Trump later confirmed that joint U.S./South Korea military exercises would also be put on hold, at least for now.

And if all of this seems underwhelming, it's not your imagination. It was possible the summit could lead to some kind of roadmap toward denuclearization, but it didn't. It was possible Trump and Kim would nail down some steps toward verifiability, but they didn't. It was possible the two leaders' agreement would include inspection provisions, but it didn't.

It was possible North Korea would agree to some kind of detailed accounting of its arsenal, but it didn't. It was possible the two countries could at least agree to define "denuclearization," but they didn't. It was possible they'd establish some kind of timetable for the near future, but they didn't.

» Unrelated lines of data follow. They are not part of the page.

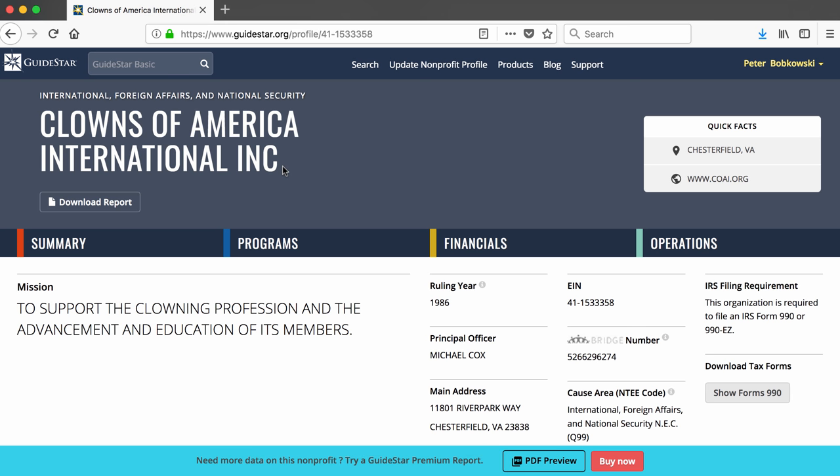Once again, it's not necessary for you to do this. All of the information in these reports comes from the non-profits forms 990. The next video will focus on accessing these forms through GuideStar. Bye-bye.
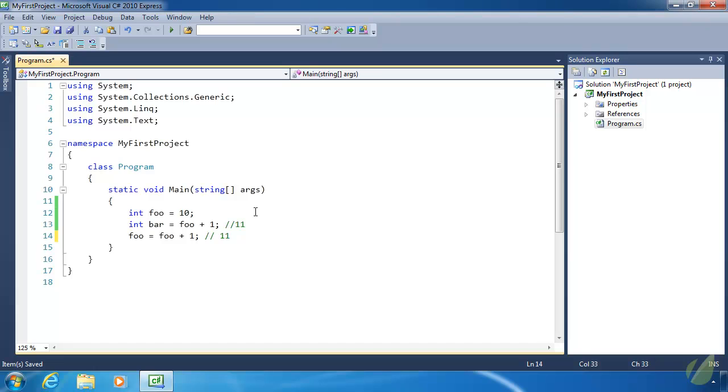So, I know that it seems rather obvious that, yes, we are working with the actual values here. But whenever we talk about reference types, and we're not going to do that today, but later on, whenever we talk about reference types, that is definitely not going to be the case. Because they are stored completely different in memory and they have to be handled differently as we write our code for them.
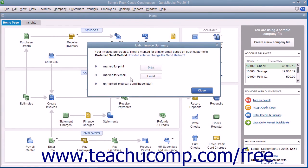In the Batch Invoice Summary dialog box that appears, you can see the summary of the invoices that were created, grouped by send method. To batch print the invoices from this batch group, click the Print button in this dialog box. To batch email the invoices from the batch group, click the Email button. When you are finished reviewing the summary, you can click the Close button in the dialog box to close the window.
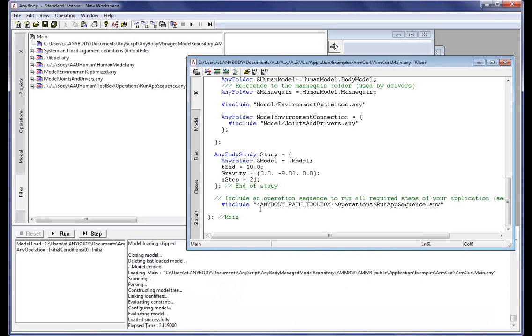So there are many different ways to navigate your model and use the GUI facilities to learn the structure of the model. Thank you.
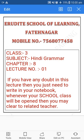Parents and lovely students, welcome to the online classes of the Arudite School of Learning, Fateh Nagar. Mobile number 7568077458. Class third, subject Hindi grammar, chapter 8, lecture number first.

What we're left with is a diplomatic product featuring vague assurances and the prospect of future negotiations, but little else. The summit ends with no policy shifts, no commitments, and no meaningful plan for what comes next.

I don't doubt the White House and its allies will try to sell this as a historic victory, but it's a tough sell.

From the perspective of the North Korean dictator, it's easy to imagine Kim returning to Pyongyang satisfied. Before the summit even began, he received what he wanted from Trump -- a bilateral meeting with the ostensible Leader of the Free World, which raises his regime's stature and international legitimacy, in exchange for effectively nothing -- and now that it's over, he has even more, including a special "bond" with the American president.

Yes, Kim continues to make nebulous promises about denuclearizing, but he's offered similar rhetoric before, and without policy commitments to back up the rhetoric, there's no reason to take the hollow assurances seriously.

To be sure, this landscape is preferable to Trump saber-rattling about "fire and fury," and vague progress is far better than inching toward war. But there's no getting around the fact that in Singapore, Trump and Kim accomplished very little of substantive significance.